Lakszmi napisał/a:Ciche dni trwające tyle czasu to nic innego jak przemoc psychiczna... brak dialogu, chęci dojścia do konsensusu, wojenka... toksyczne to. Jak wygląda wasza rzeczywistość, codzienność od tych 3 tyg?
Zdaję sobie sprawę, że jest to niedojrzałe emocjonalnie zachowanie. Przez te 3 tygodnie zero kontaktu, jak z mojej strony, tak i z jej.
Chwilowo nie mieszkamy razem, ale jak mieszkaliśmy to maksymalnie ciche dni trwały 2 tygodnie (wtedy po tygodniu napisała gdzie jestem bo się martwi, a musiałem wyjechać na dwa dni. Po powrocie nie odzywała się kolejny tydzień, aż ja się pierwszy odezwałem)
Tak się właśnie hoduje własnego kata.

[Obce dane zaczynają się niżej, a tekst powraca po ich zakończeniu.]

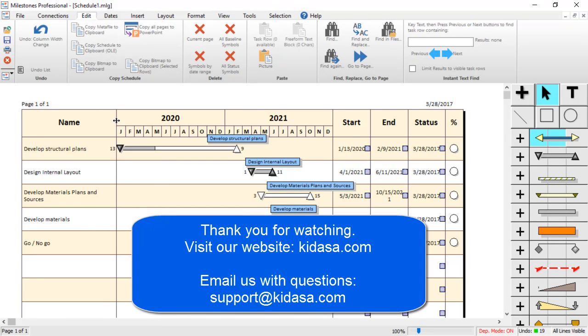I hope you have enjoyed this tutorial video about Milestones Professional. Be sure to visit our website at kidasa.com and email support at kidasa.com with any questions. Thanks for watching.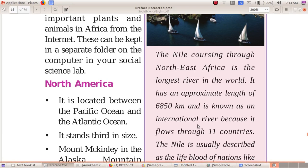The Nile is usually described as the lifeblood of nations like Egypt and Sudan.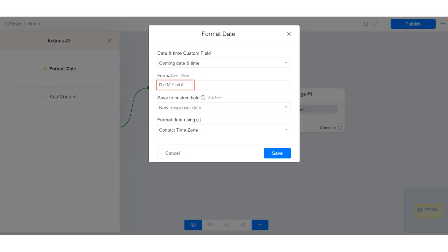On the format date tool, you need to provide the parameters that determine how the date will be formatted.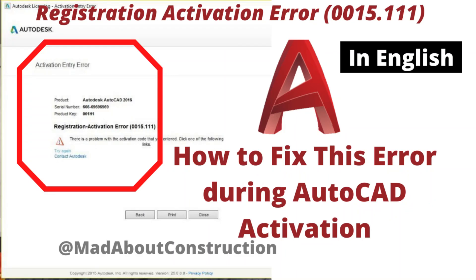In this video I'm going to show you how you can fix AutoCAD registration activation error 0015111. If you are facing this activation error, then this video is for you.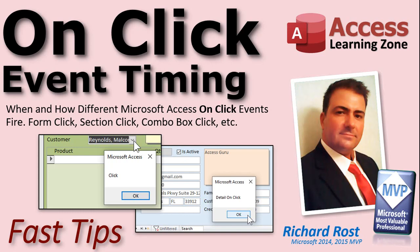Welcome to another Fast Tips video brought to you by AccessLearningZone.com. I am your instructor Richard Rost. In today's video we're going to talk more about the OnClick event, when and how different Microsoft Access OnClick events fire.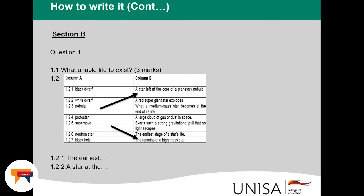Section B. Now let's move on to Section B. Section B consists of three questions — question one, question two, and question three. These questions are straightforward and are found in your tutorial letter 101, not in your study guide.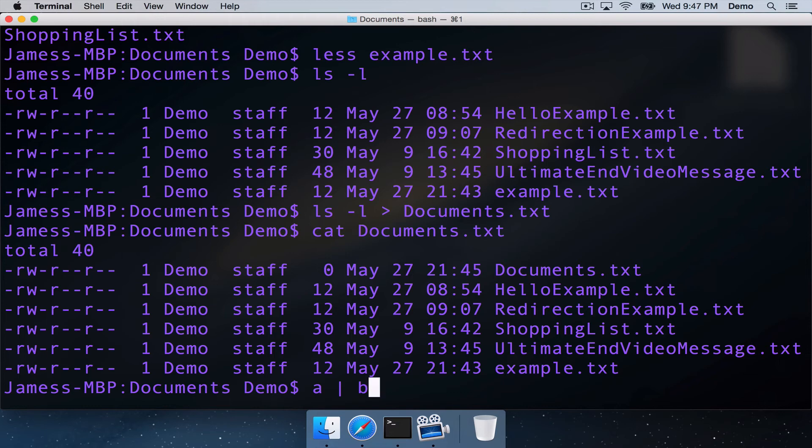So if a was our first command, we could pipe the output from that command from a into b. So that's a Unix pipe, and we're going to see that right now.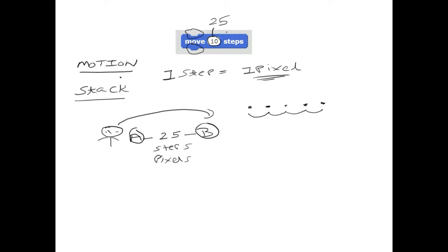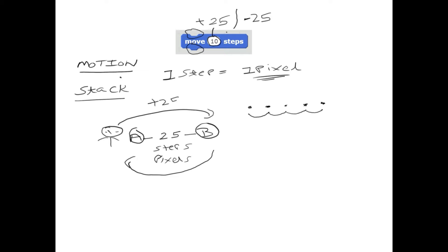Now you might be thinking: how do you make the cat move from point B back to point A? The value you enter can be negative. To move forward, you enter a positive value like 25. To go back from B to A, you enter negative 25.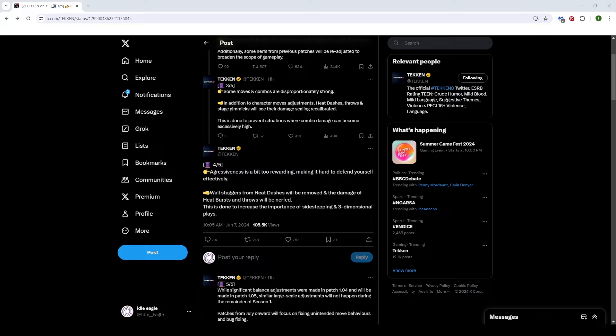And throws will be nerfed, like the damage of throws. That's an interesting one because to me, like generic throws and command throws, the damage isn't really the issue. It's literally just the fact that they're homing, right? It's a 3D game. We want to be side-stepping. We want to be able to counter throws and heat bursts. And it kind of nullifies the defensive plays that you can actually do when somebody has these resources available, right? But they also said this is done to increase the importance of side-stepping and three-dimensional plays. So hopefully this is like a translation error and what they actually mean is not only the damage of heat bursts and throws, but the homing properties.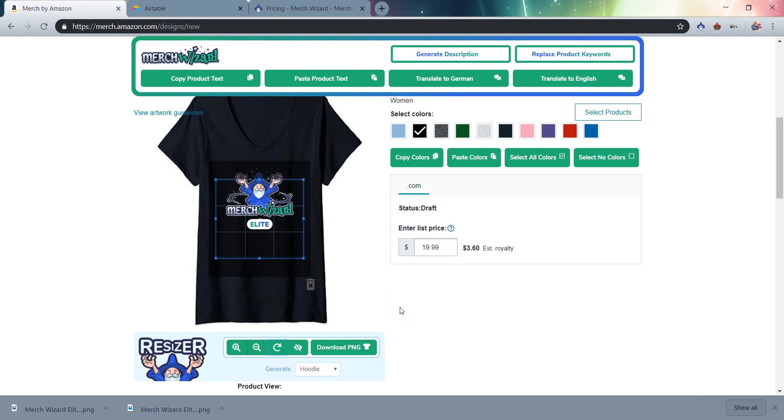Please note this feature is still in beta, and you may run into some bugs. One thing we suggest is waiting for your image to fully load before clicking the edit details button to open the product detail view.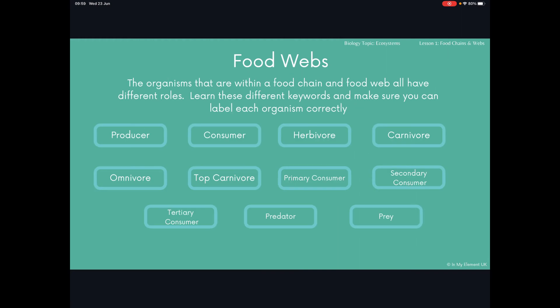Here are 11 key words that you need to know the definitions of. A producer is a green plant that can produce its own food — key there is the word produce, so the chemical reaction of photosynthesis is taking place. A consumer is an organism that consumes something else — that can be a plant or another organism. A herbivore is a consumer that consumes only plants, whereas a carnivore is a consumer that consumes other organisms. An omnivore will consume both plants and animals.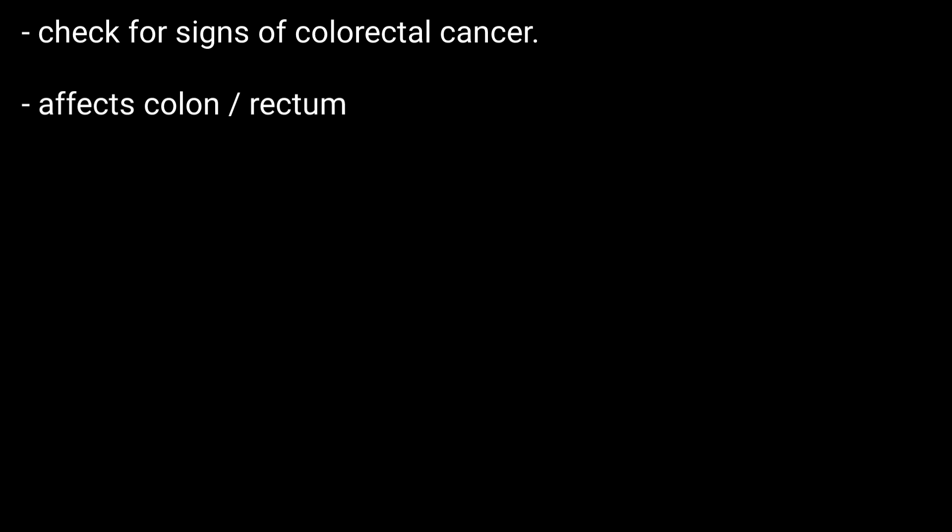Hello friends, welcome to BMH Learning. This video is about colorectal cancer screening tests. Colorectal cancer screening tests check for signs of colorectal cancer. Colorectal cancer is a type of cancer that affects the colon or rectum.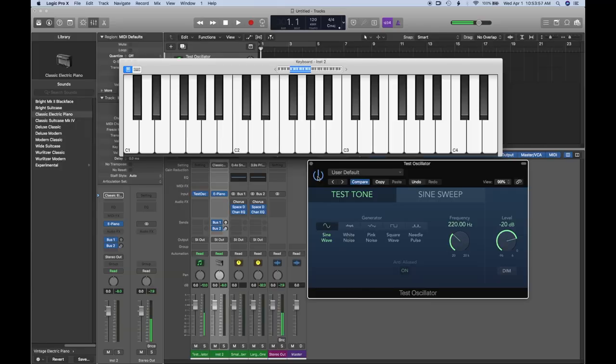If I change the frequency from 220 down to 110Hz, and apply the same idea with the tuning fork, let's see what we get.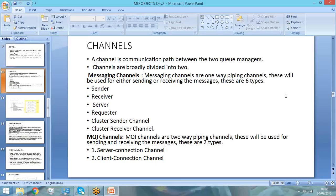There are two broad classifications of channels: one is message channel and the other is MQI channel. What is a message channel? Message channels are channels or communication links that will only carry messages. An important thing is that they are unidirectional — they will either send a message or receive a message. They cannot both send and receive through the same channel. There will be one channel to send and another channel to receive.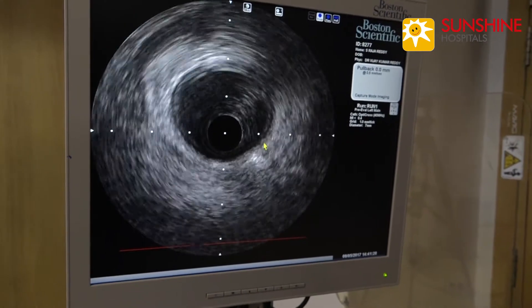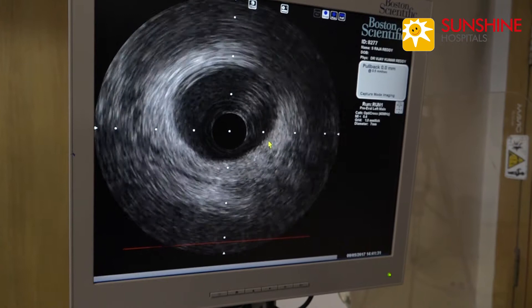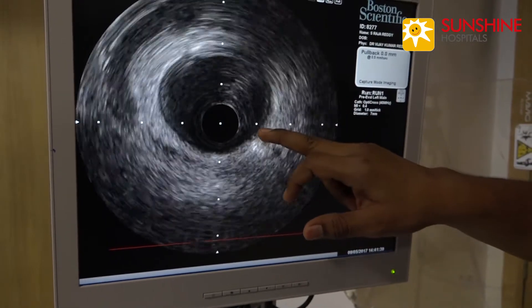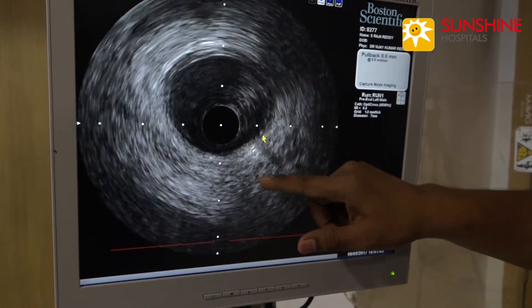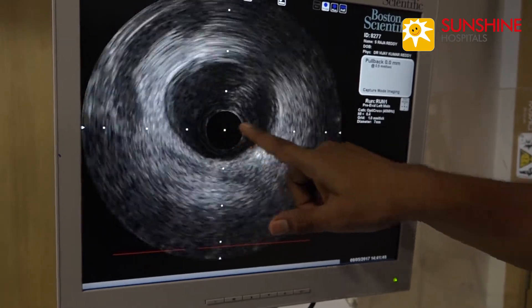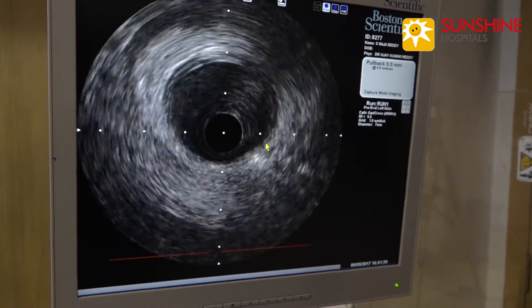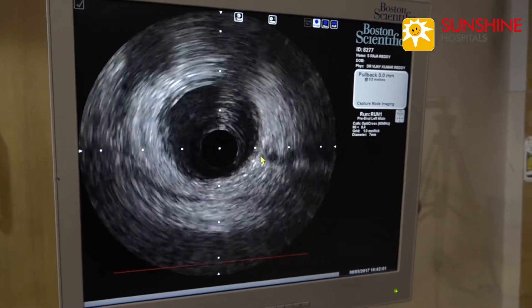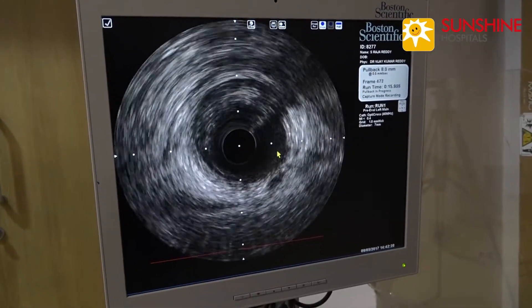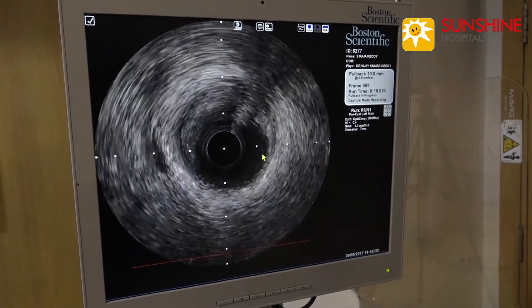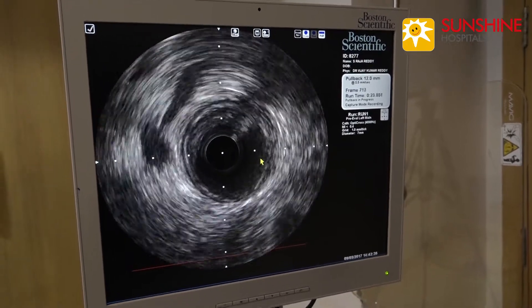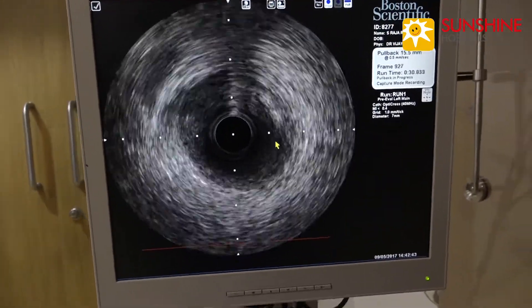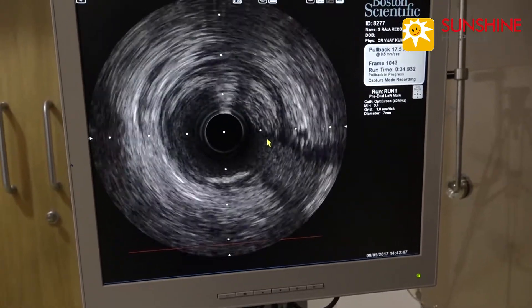Now we are withdrawing the IVUS catheter by motorized drive at a speed of 0.5 mm per second, coming from the distal LAD approximately into the left main. There is some black structure — there is a venous system; you are able to see the oblique sinus. Here is the left main bifurcation. We are seeing the circumflex artery and the LAD.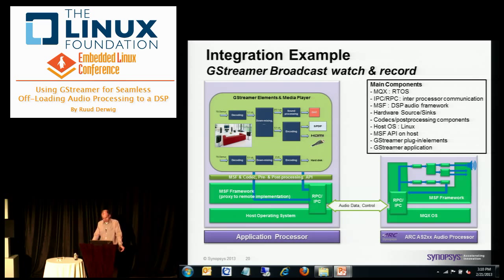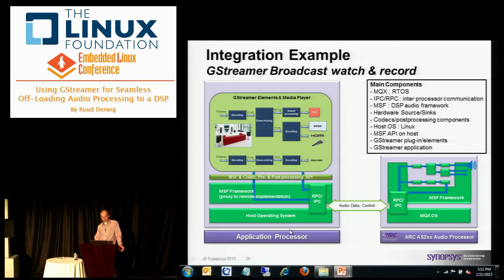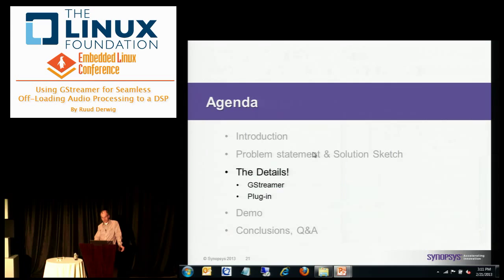Given all these elements, this is how we built the system as demonstrated at the Synopsys booth. On the audio DSP, you have the MQX OS, the MSF framework, the remote procedure call layer, and you instantiate a number of processing components chained together in a graph for audio processing. On the application processor, we run Linux and have the MSF framework proxy, so all MSF functions for creating components and hooking them together are available on the host. These are used by the GStreamer elements, which I'll go into details on now.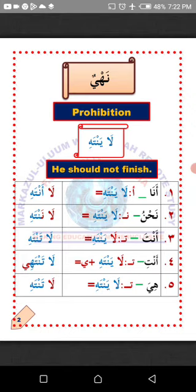Number five: Hiya, she. How do we change the verb 'la yantahi' to suit 'hiya'? All you need to do is detach the ya and attach kaf. So the verb 'la yantahi' will now become 'la tantahi,' which means 'she should not finish.'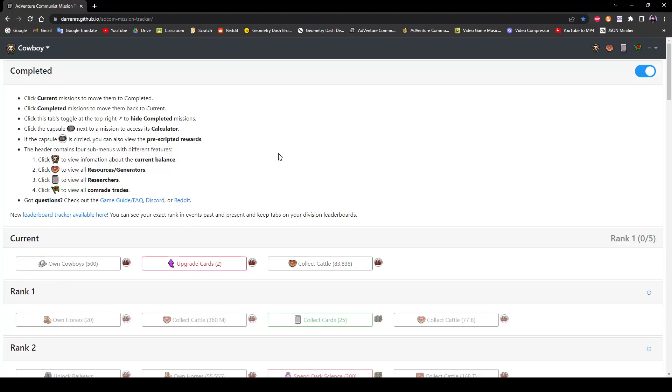So you might have stumbled upon this Adventure Communist Mission Tracker and you're wondering, what the hell does it do? So the Mission Tracker does a couple of things.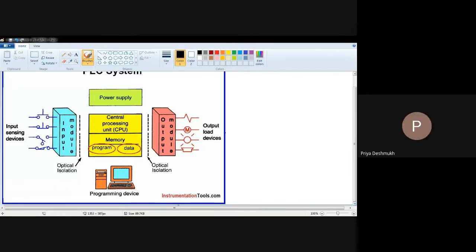The next topic is PLC, that is programmable logic controller. PLC is central to the current automation industry.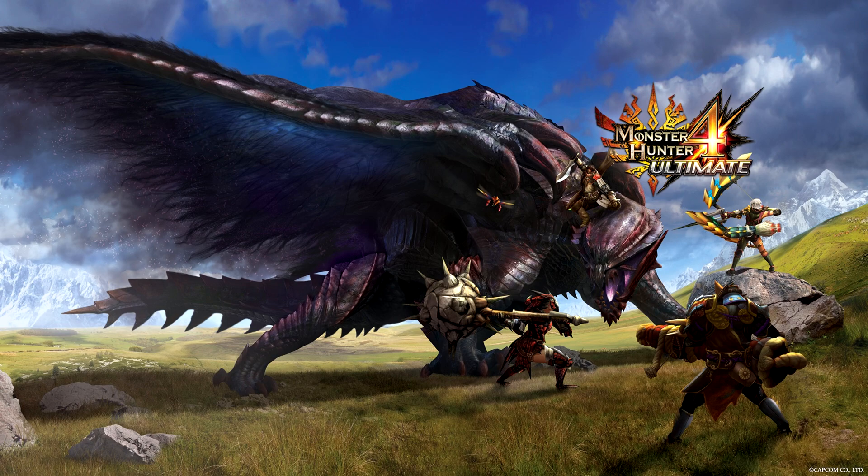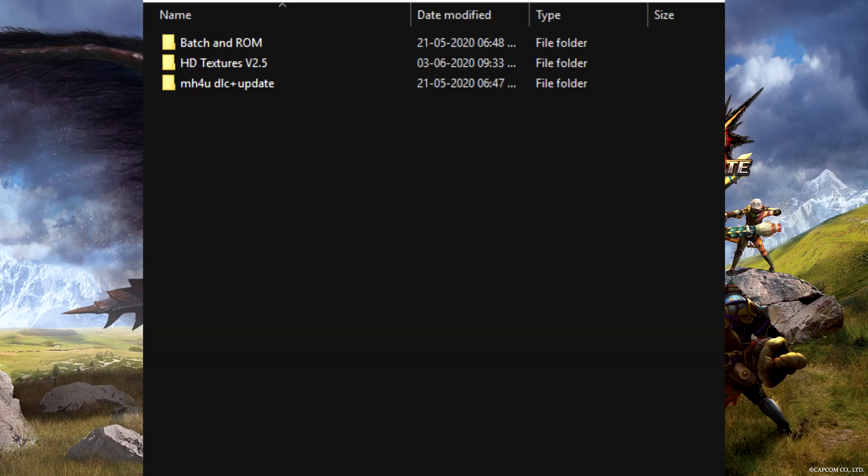Download all the files I've linked and extract Citra in one of your drives. Now make a separate folder and extract the 4U ROM, the decryptor, and DLC plus updates. Move the ROM into the decryptor folder and it should look something like this. Ignore the HD textures though, that's an extra thing I've added.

Ty nie możesz wytrzymać i pierwszy wyciągasz rękę na zgodę, a ona po jakimś czasie już nawet nie bierze winy na siebie gdy coś nabroi bo po co, nadworny "przepraszacz" i tak przypełznie i nawet nie zażąda przeprosin, więc po co się męczyć.
Pablo, przepraszaj kiedy zrobisz coś nie tak, ale kiedy nie czujesz się winny, to za co do chol...erki masz przepraszać? Wstań z tych kolan człowieku.